IANAL but I think this sounds pretty absurd if the “something that was stolen from you” is temporarily necessary for the survival of another person.

Even in (the rare) real-life cases where kidneys were actually stolen from nonconsenting people and transplanted into third parties, there was AFAICT no suggestion that the recipients of the stolen organs would have to give them back.

And this is a situation where at least some such recipients might actually survive the process of restoring the stolen kidney, assuming they could get a consensually donated one instead. In the current state of technology, it’s impossible for an embryo or early-term fetus to survive being transferred from one uterine environment to another.

So if the fetus at any stage of development is really consistently presumed to be a human person with the same human rights as everyone else, starting from the moment of fertilization, then I think any suggestion that a pregnant rape victim has a right to an abortion because the use of her reproductive system is being “stolen” from her would be laughed out of court.

While I agree with the implicit contract, life/non-life isn’t the deciding factor. You already have the obligation to make a reasonable effort in returning a wallet that came into your possession but is not yours. The loaf of bread isn’t valuable enough for the state to care about, but a wallet (and obviously a baby) is.

Safe surrender programs complicate the discussion, but if I find a toddler, my obligation is limited to finding the parent or dropping them off at a police station. If I’m the parent, the police are going to tell me to go away and take the kid or they’ll involve CPS.

Yeah, who would have guessed that some kidneys that ended up in some rich western folk wouldn’t have to be given back to some desperately poor victims in India? I mean, that’s a horrifying story but I’m not sure the lack of action says much about what would happen if the victims actually had any legal power.

Well, there are also degrees of this. This gets into dicey territory, but one could certainly view a fetus as a person, but of lesser value than a grown person, and an embryo as lesser but still non-zero worth. Not that the average anti-abortionist takes this kind of nuanced view, but it’s not inconsistent.

Sure, but that’s because there is no protection for bodily autonomy in the US. The closest thing we have is the 13th amendment, but even that has a carveout for incarceration. It wouldn’t have been needed at all if we had a constitutionally protected right to bodily autonomy. Of course, if we did, quite a few other laws would be different.
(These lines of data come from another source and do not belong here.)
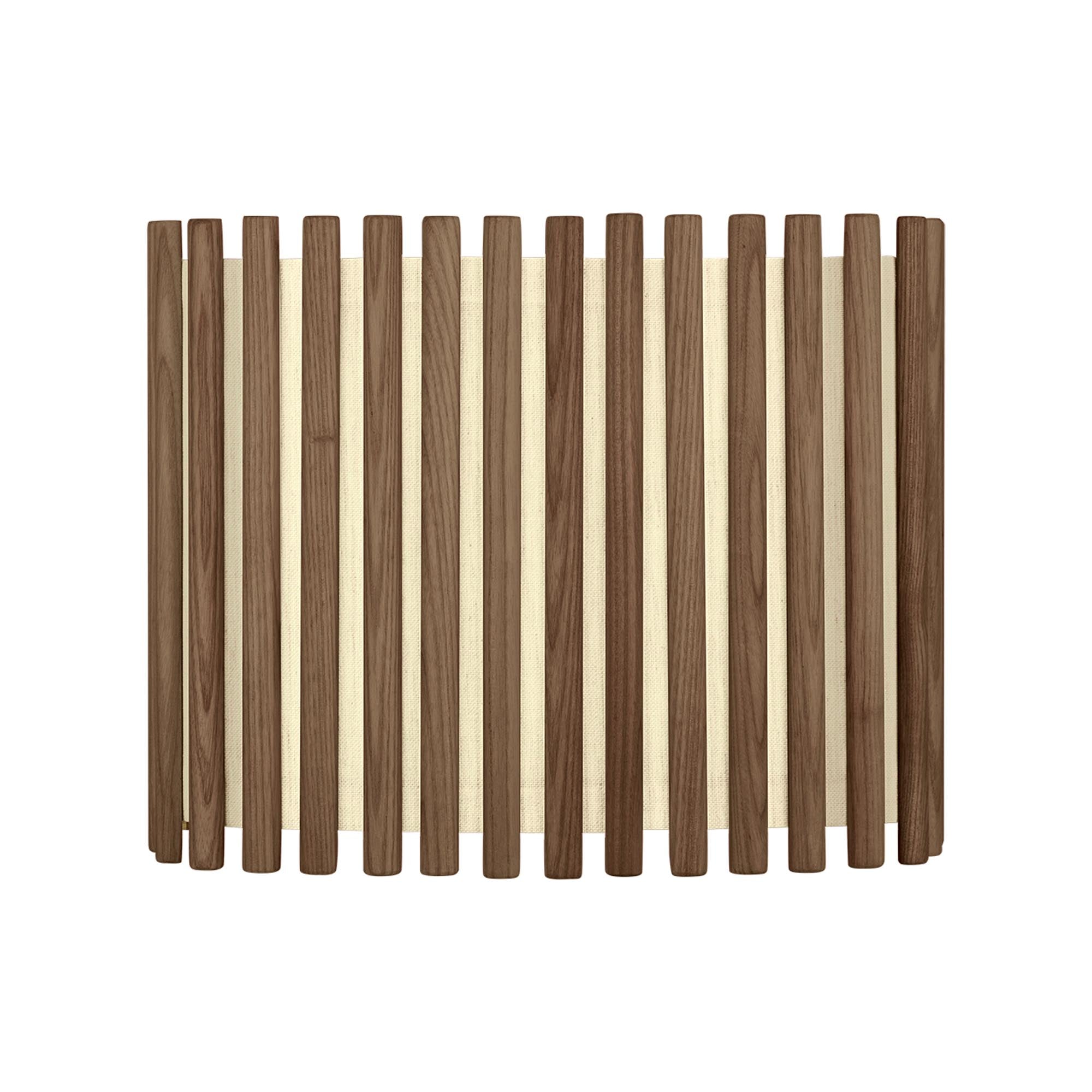 Entdecken Sie den Komorebi rechteckigen Lampenschirm von Umage – eine harmonische Verbindung aus Holzlamellen und Textil für beruhigende Lichtakzente.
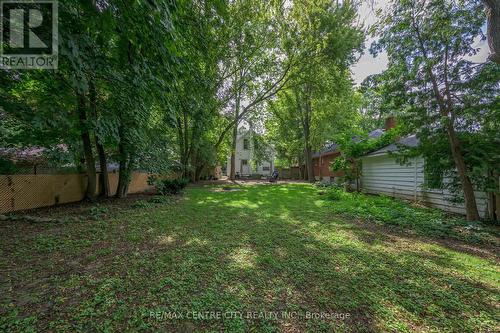 1305 Springbank Avenue, London, ON - Outdoor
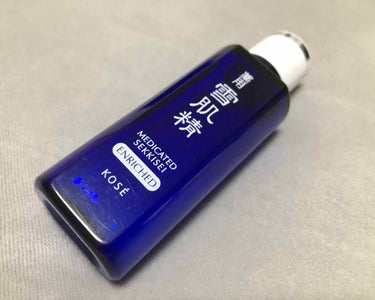 ＊薬用化粧水
・
・
こちらは、雪肌精の薬用化粧水(エンリッチ)です。
しっとりタイプで、浸透していくのが実感出来る化粧水です。
・
・
ドラッグストアでも購入でき、ミニサイズ、たっぷりお得サイズなどサ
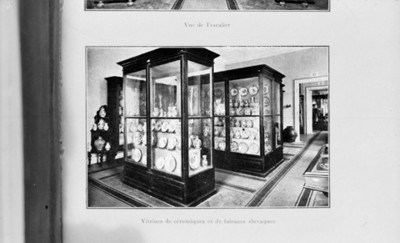 Vista de cerámica exhibida en vitrinas dentro de un museo, reprografía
At any rate, my point isn’t even about the law. The original claim was basically that people who agree with a carveout for rape are being hypocritical or inconsistent in their views. They may well be hypocritical in most cases, but I don’t think it’s impossible to have a moral framework where a carveout makes sense. And it’s not like the law is philosophically consistent anyway, if that’s what you’re working from.

Where these arguments keep failing for me is that so many people only considering moral and quality-of-life issues at the individual level of assessment.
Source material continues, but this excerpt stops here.